GOAL OF THE EXERCISE | Any picture must be dropped, but each line of the data should be duplicated exactly.

AVAILABLE DATA |
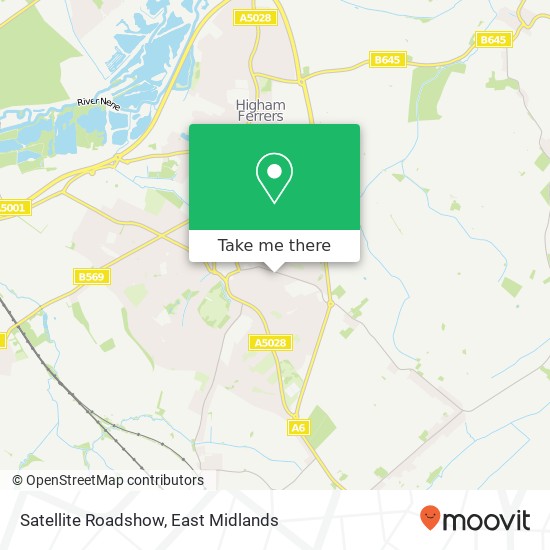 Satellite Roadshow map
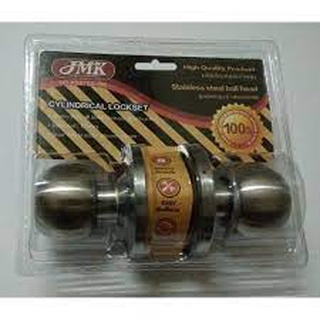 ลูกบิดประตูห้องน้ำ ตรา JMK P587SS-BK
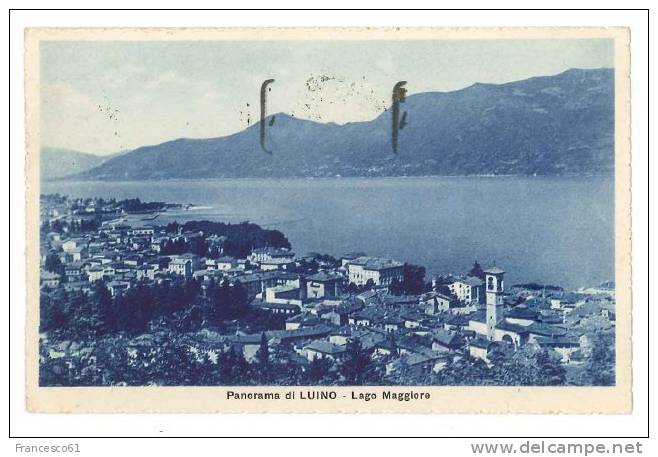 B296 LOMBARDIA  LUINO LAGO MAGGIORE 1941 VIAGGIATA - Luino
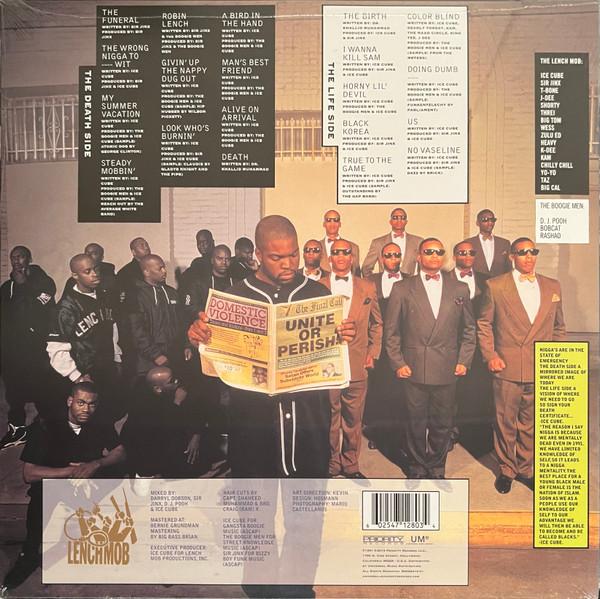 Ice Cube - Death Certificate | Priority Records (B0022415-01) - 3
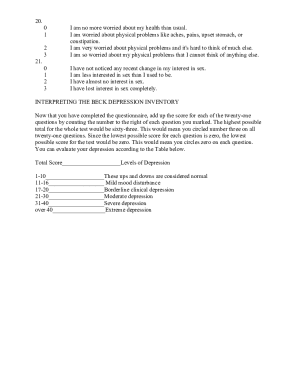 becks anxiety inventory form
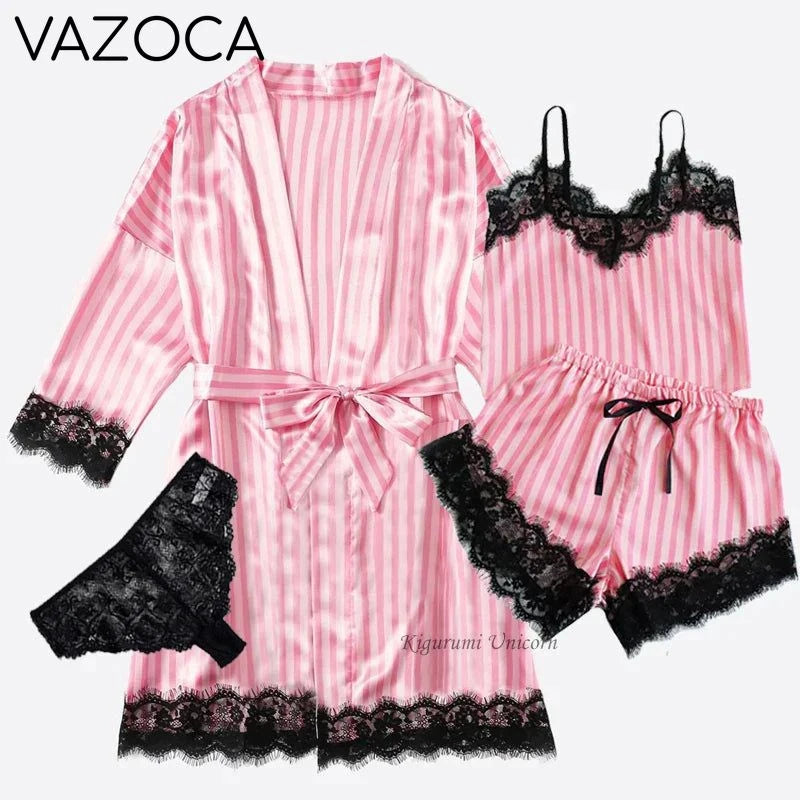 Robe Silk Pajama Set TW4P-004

EXERCISE OUTPUT |
 Satellite Roadshow map
 ลูกบิดประตูห้องน้ำ ตรา JMK P587SS-BK
 B296 LOMBARDIA  LUINO LAGO MAGGIORE 1941 VIAGGIATA - Luino
 Ice Cube - Death Certificate | Priority Records (B0022415-01) - 3
 becks anxiety inventory form
 Robe Silk Pajama Set TW4P-004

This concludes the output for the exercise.